WheatonCS / Lexos

Python/Flask-based website for text analysis workflow. Previous (stable) release is live at:
http://lexos.wheatoncollege.edu
MIT License
120 stars 20 forks source link

Empty documents cause errors #471

Closed Landaluce closed 7 years ago

Landaluce commented 8 years ago
  1. In Upload page, if we upload 2 file with long names, the overlap: screen shot 2016-07-29 at 4 05 47 pm To reproduce this, I uploaded twice a file called "EL INGENIOSO HIDALGO DON QUIJOTE DE LA MANCHA.txt"
  2. If we cut a file by Milestone, and the first word in the file is a milestone, and there is a blank line before it, it creates an empty piece: screen shot 2016-07-29 at 4 12 26 pm

Which then crashes Hierarchical Clustering: screen shot 2016-07-29 at 4 18 27 pm

I think this could be fixed by checking if each piece has at least a character in it, and discard the ones that are empty

scottkleinman commented 8 years ago

I have pushed a fix that truncates long file names. It sets the maximum length to 36 characters and inserts an ellipsis between the first and last 18 characters.
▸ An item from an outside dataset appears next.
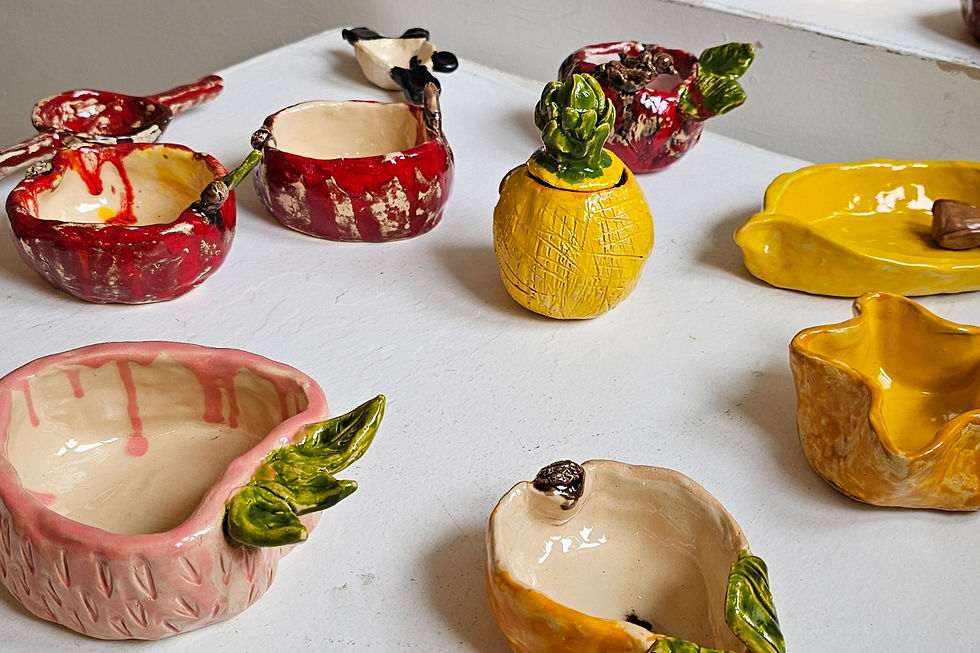 Izstāde "Ražas svētki"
Good catch on the hierarchical clustering (I bet it also affects K-Means, or possibly anything beginning with white space or any empty file). Your suggestion for catching the error is a good one, but it is a little more complicated to know what to do with it. This will require a bit more thought.

scottkleinman commented 8 years ago

I am unable to reproduce the second issue. @Landaluce, can you post your copy of Don Quijote somewhere? I put one in the TestSuite/Experiments/LargeFiles folder, but it has all the Project Gutenberg boilerplate, and it doesn't have chapter milestones.

Landaluce commented 8 years ago

EL INGENIOSO HIDALGO DON QUIJOTE DE LA MANCHA.txt Cut the attached file by milestone "CHAPTER", and it should crash when you try to generate the dendrogram

scottkleinman commented 8 years ago

Well, simply ignoring an empty document doesn't seem to work. Right before the text of each document is added to the list submitted to CountVectorizer I added an index of the document number and printed the first 50 characters. The result in the console was

1
2     Que trata de la condición y ejercicio del
3     Que trata de la primera salida que de su ti
4     Donde se cuenta la graciosa manera que tuvo
5     De lo que le sucedió a nuestro caballero cu
...
18     Donde se cuentan las razones que pasó Sanch
19     De las discretas razones que Sancho pasaba
20     De la jamás vista ni oída aventura que con
21     Que trata de la alta aventura y rica ganaci
C:\Users\Scott\Documents\GitHub\Lexos\managers\file_manager.py:883: RuntimeWarni
ng: invalid value encountered in double_scalars
  newProp = float(col) / allTotals[i]

So it looks like something is getting tripped up in the maths at the end. Needs further investigation.

scottkleinman commented 7 years ago

This is really two issues. The truncation of long document labels is now issue #501. I am changing the title of this issue to reflect the empty document bug.

scottkleinman commented 7 years ago

I fixed this bug by trimming white space from the ends of the text string and trimming followed by the milestone. Cut documents will now begin and end with text.